On Aug. 14, Graham resident Thomas Lee Jeffries Jr. was arrested for allegedly attempting to incite a riot targeting the statue, an action that caused immediate condemnation.

“I do not support in any way, shape or form, lawlessness or anarchy,” said Alamance County Board of Commissioner Amy Galey. “If something were to be done about the statue, if it were to be changed, it has to be done through the proper political means.”

Students at Elon and residents of Graham are worried the statue may lead to similar events such as those that occured in Charlotesville, Virginia on Aug. 12, which left one dead and ninteen injured and in Durham on Aug. 14, which resulted in the toppling of a confederate statue outside the old county courthouse.

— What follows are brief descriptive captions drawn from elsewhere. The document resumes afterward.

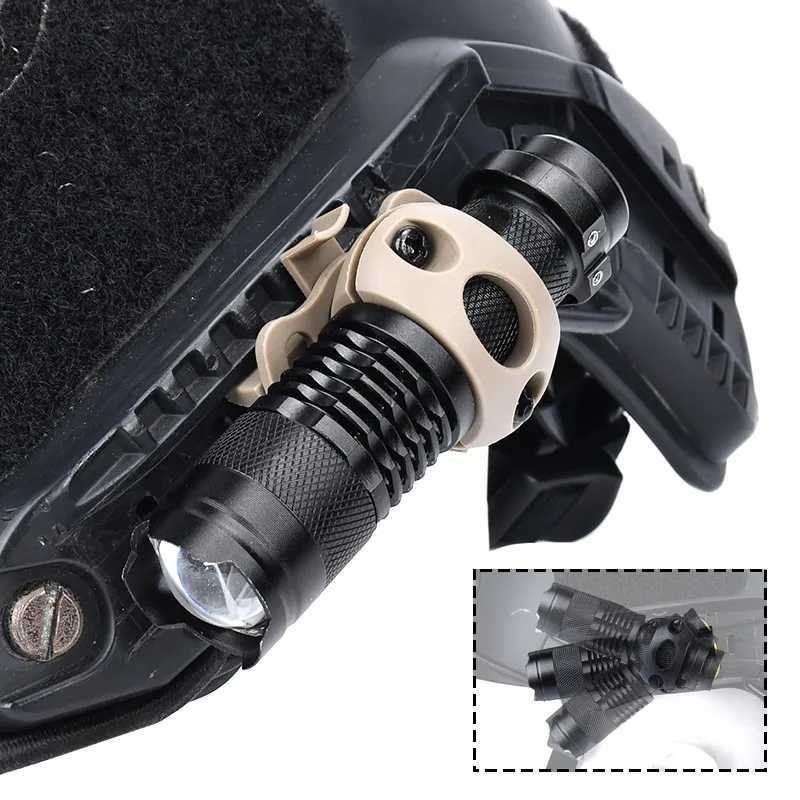 Airsoft Tactical FAST Helmet Lamp Portable Headlight LED Mini Flashlight Lantern Torch Outdoor Camping Lamp Hunting Scout Light R250728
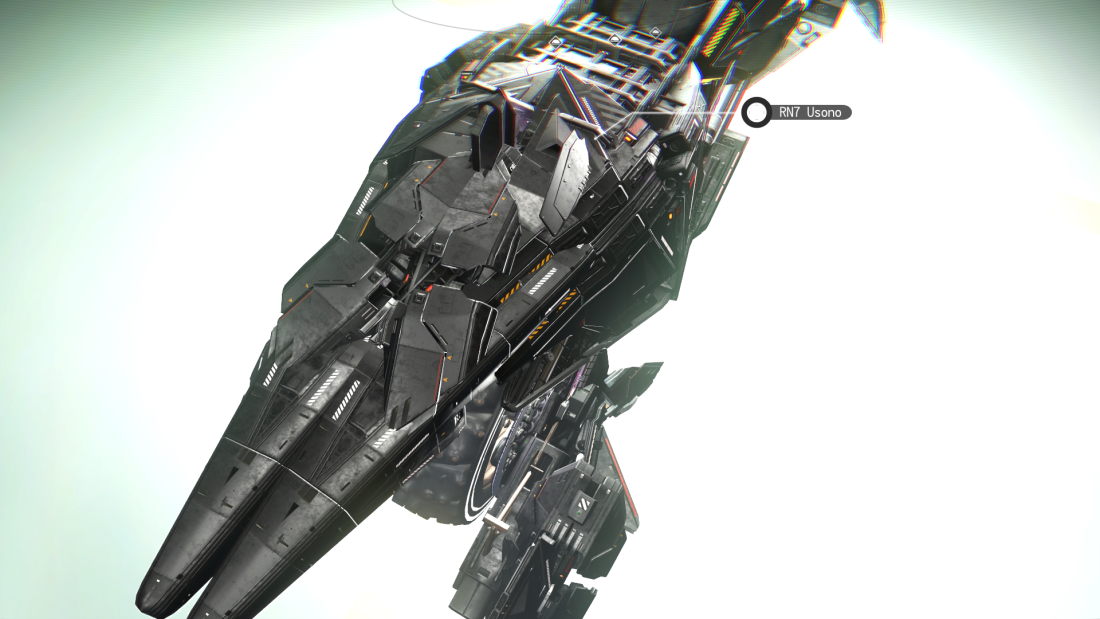 亚空锚点  站在尾气管装甲上飞船 没有第一人称-6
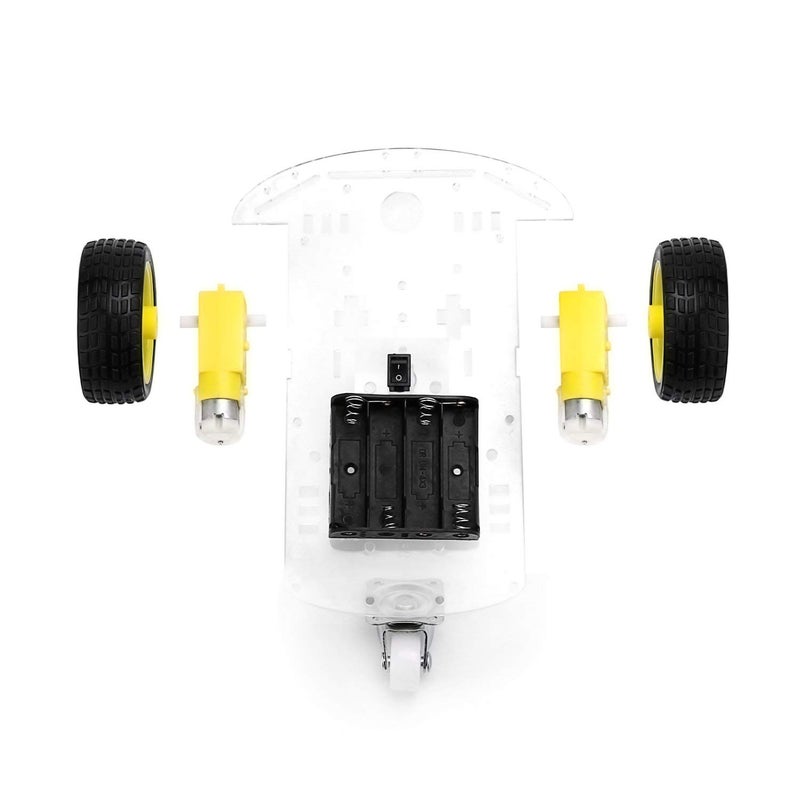 EMOZNY Emo Smart Robot Car Chassis Kit With Motors  Speed Encoder And Battery Box For Diy - Image 3
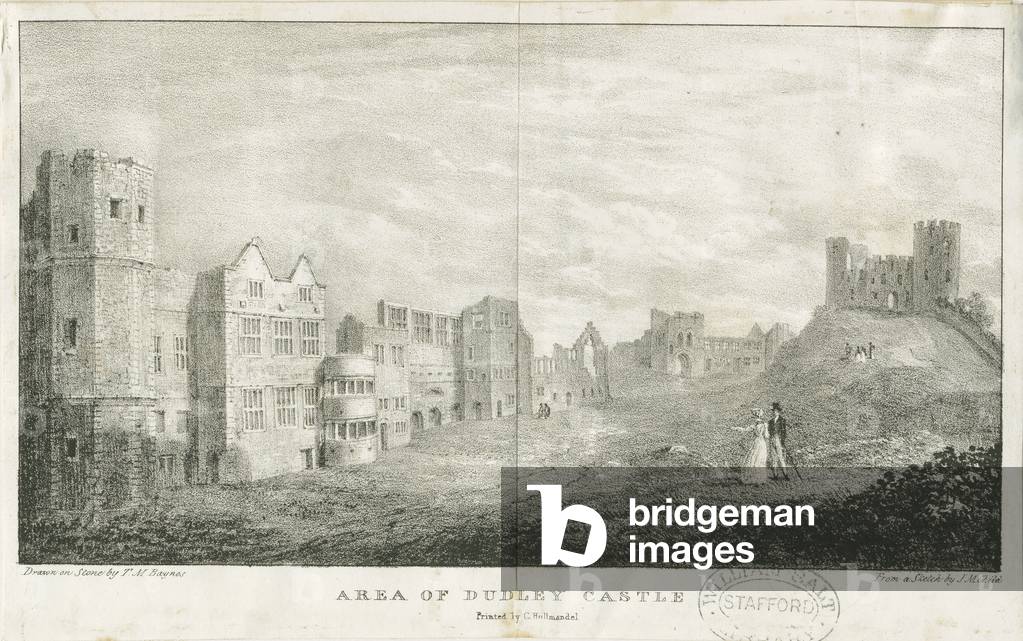 Dudley Castle - The Keep: lithograph, nd [c 1825] (print)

But Galey reassured the public the statue will cause no such incident. Because of the threats made against the statue in late-August, there has been a 24/7 police presence at the courthouse.

“I have complete confidence in our law enforcement and their resolve to make sure that all of our laws are enforced,” Galey said.

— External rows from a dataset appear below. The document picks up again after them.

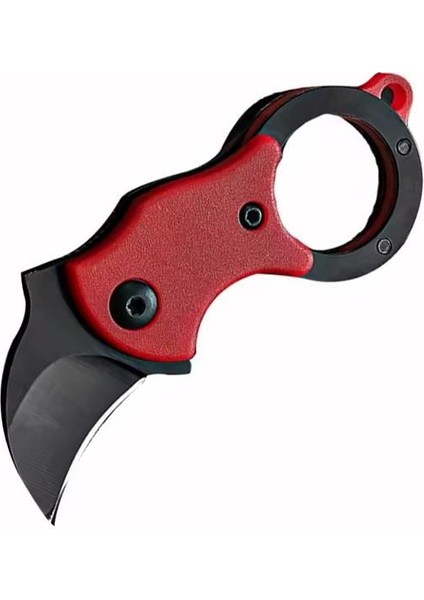 PM-28648 Mini Metal Balıkçı Kamp Bıçağı Karabina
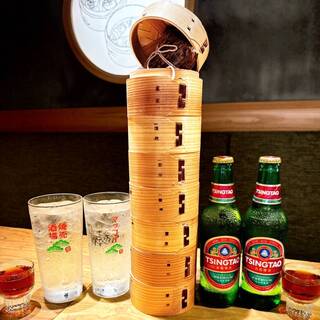 60cm！せいろ蒸し7段『七宝浮図塔（しっぽうふとのとう）』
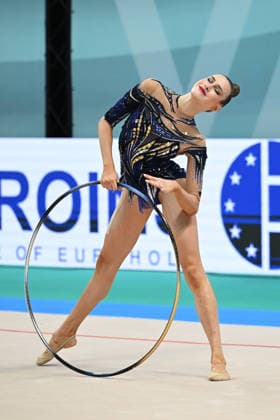 IPA85176337 - VARFOLOMEEV Darja (GER) during European Championships in Rhythmic gymnastics, Rhythmische Sportgymnastik, RSG Gymnastics in Varna, Bulgaria, May 30 2026  Copyright: xFilippoxTomasi IPAxSportx xx 85176337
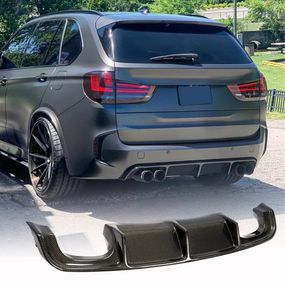 Дифузор заднього бампера Карбон V2 (для F85) для BMW X5 F-15 2013-2018 рр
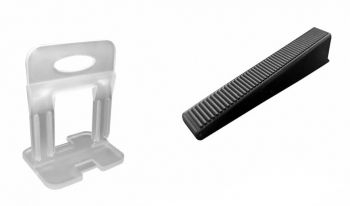 Set nivelare gresie 3.0 mm 100+100 -100 clipsuri si 100 pene gama Smart Leveling 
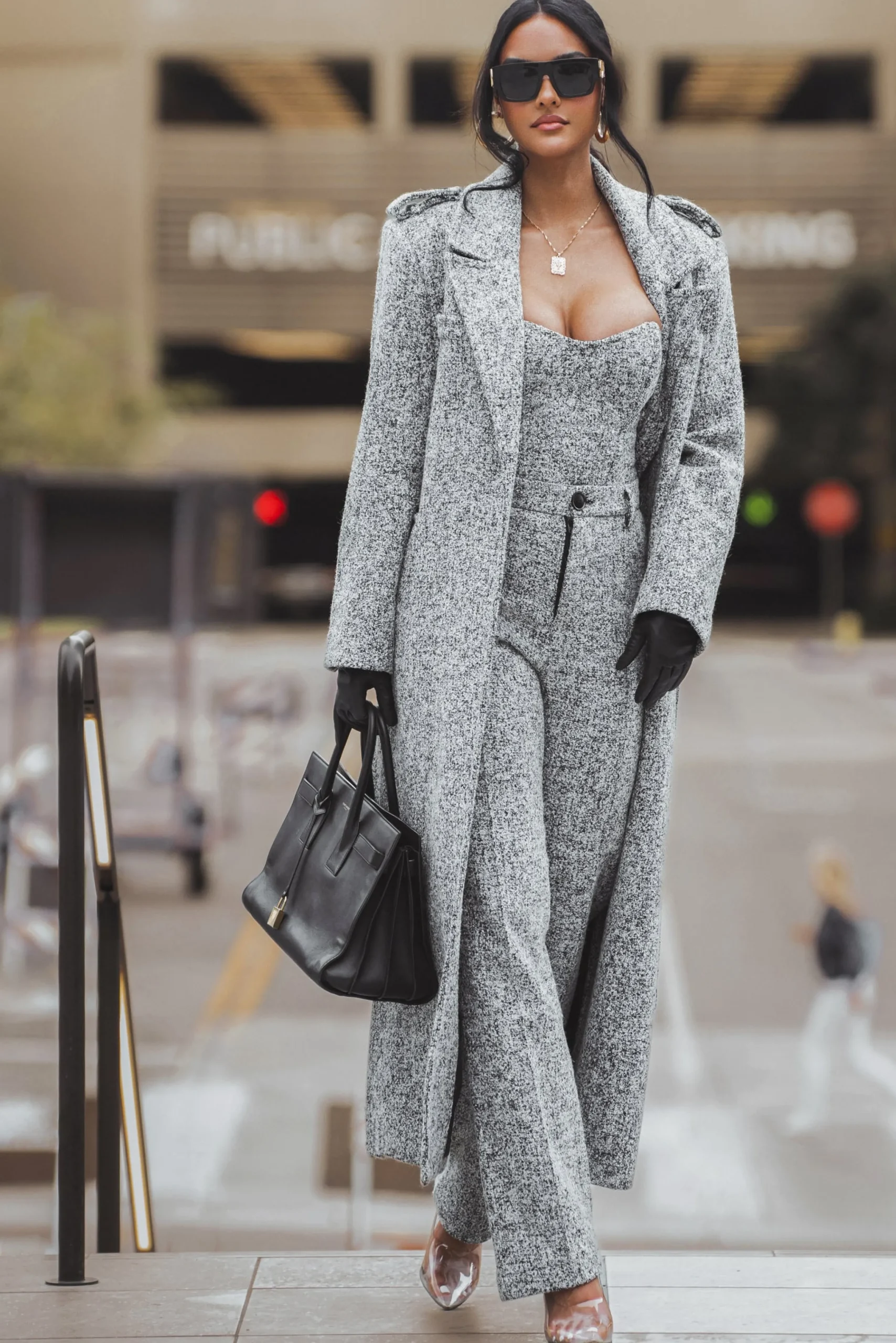 lt_grey_savannah_belted_t_12.webp JLUXLABEL Lt. Grey Savannah Belted Tweed Coat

Erected in May 1914 by the Graham Chapter of the United Daughters of the Confederacy, the common soldier statue has been a topic at the forefront of the board of commissioner’s discussions because of the events in August.

“There are a lot of different ways to look at the statue and I understand that some people see it as a monument to oppression, slavery, white supremacy and racism, and I completely reject and disavow all of those things,” Galey said. “But there are also a lot of other ways to see the statue.
Personally, I see it as a reminder of the cost of war, a reminder that wars are fought by the common man, the common man who usually doesn’t have any choice.”

Galey and the other four Alamance County commissioners unanimously agreed ­— though not in a formal vote — to maintain the statue and to repair it if anything were to happen to it.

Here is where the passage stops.